**Problem requirements**. Find the line below with "Balrampur News: महिला" and the line with "82 Baker Street — photograph 5". Output exactly those lines and everything between them, leaving out the pictures.

**Exercise data**.
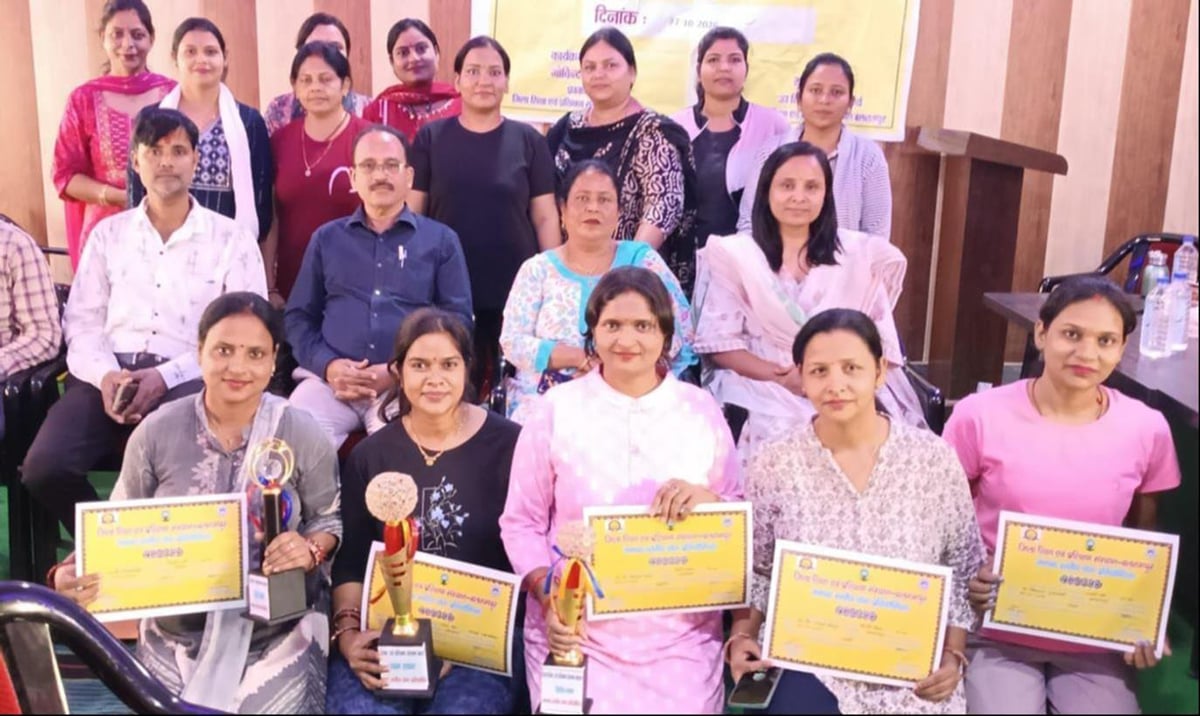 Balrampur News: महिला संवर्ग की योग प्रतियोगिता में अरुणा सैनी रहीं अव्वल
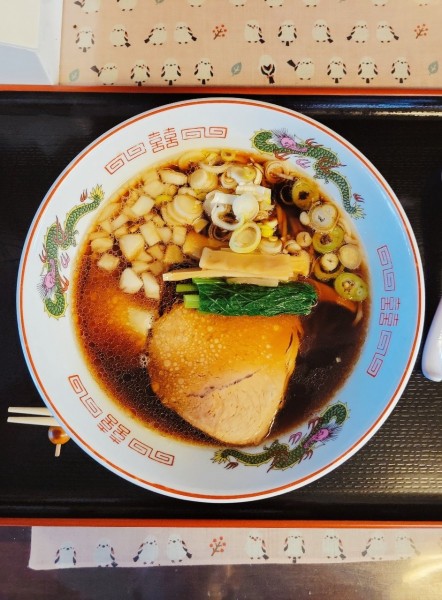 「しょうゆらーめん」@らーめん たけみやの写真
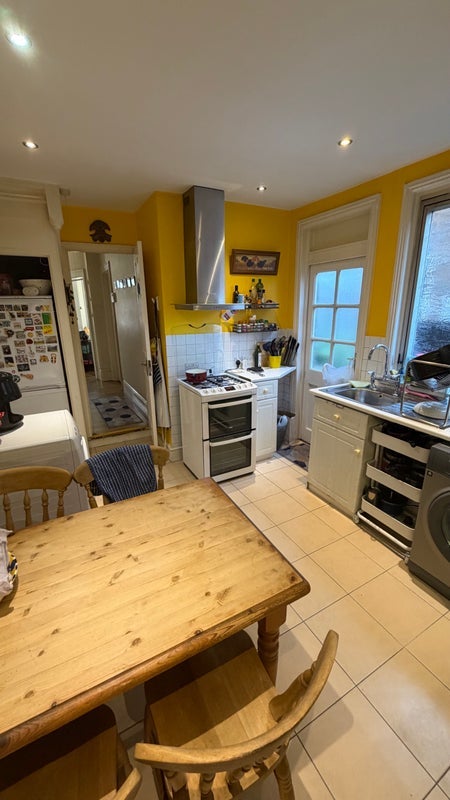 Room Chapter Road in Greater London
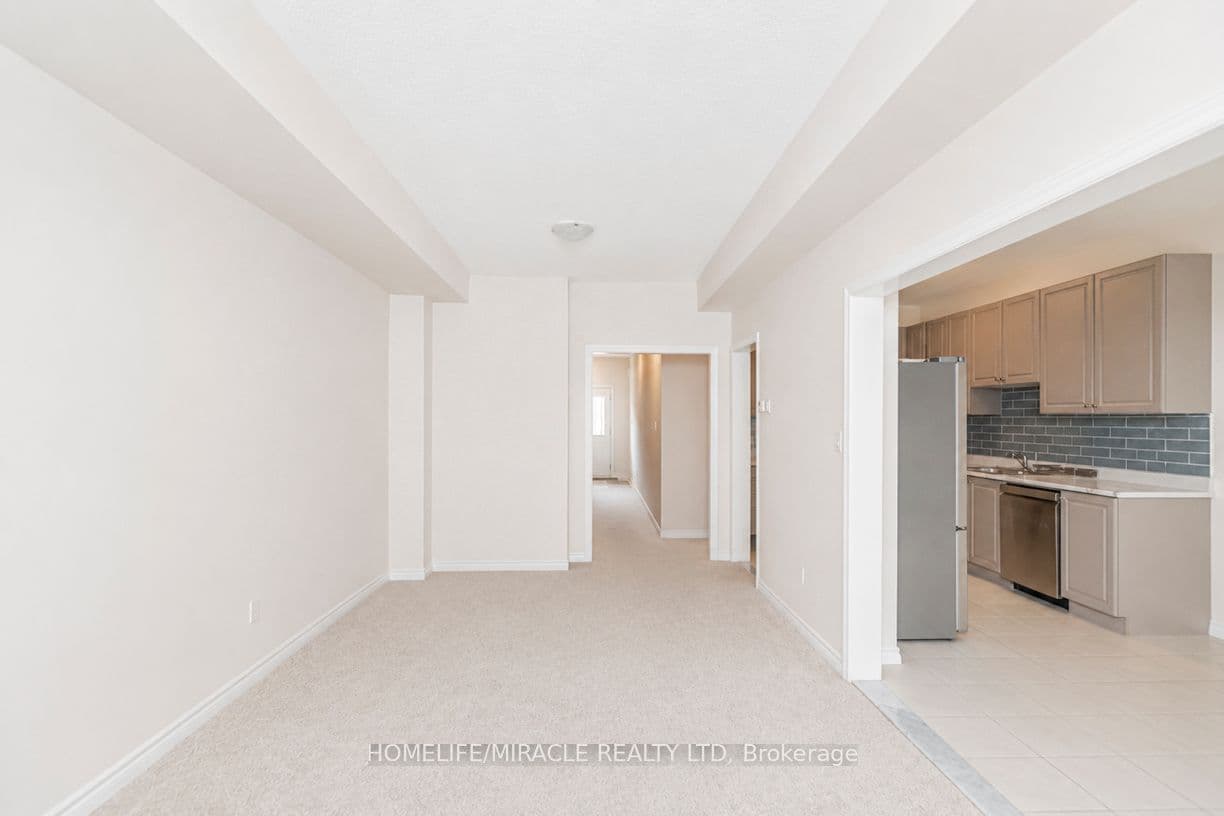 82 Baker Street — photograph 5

--

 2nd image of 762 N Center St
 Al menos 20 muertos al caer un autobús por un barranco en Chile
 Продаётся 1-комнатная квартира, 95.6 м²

**Answer section**.
 Balrampur News: महिला संवर्ग की योग प्रतियोगिता में अरुणा सैनी रहीं अव्वल
 「しょうゆらーめん」@らーめん たけみやの写真
 Room Chapter Road in Greater London
 82 Baker Street — photograph 5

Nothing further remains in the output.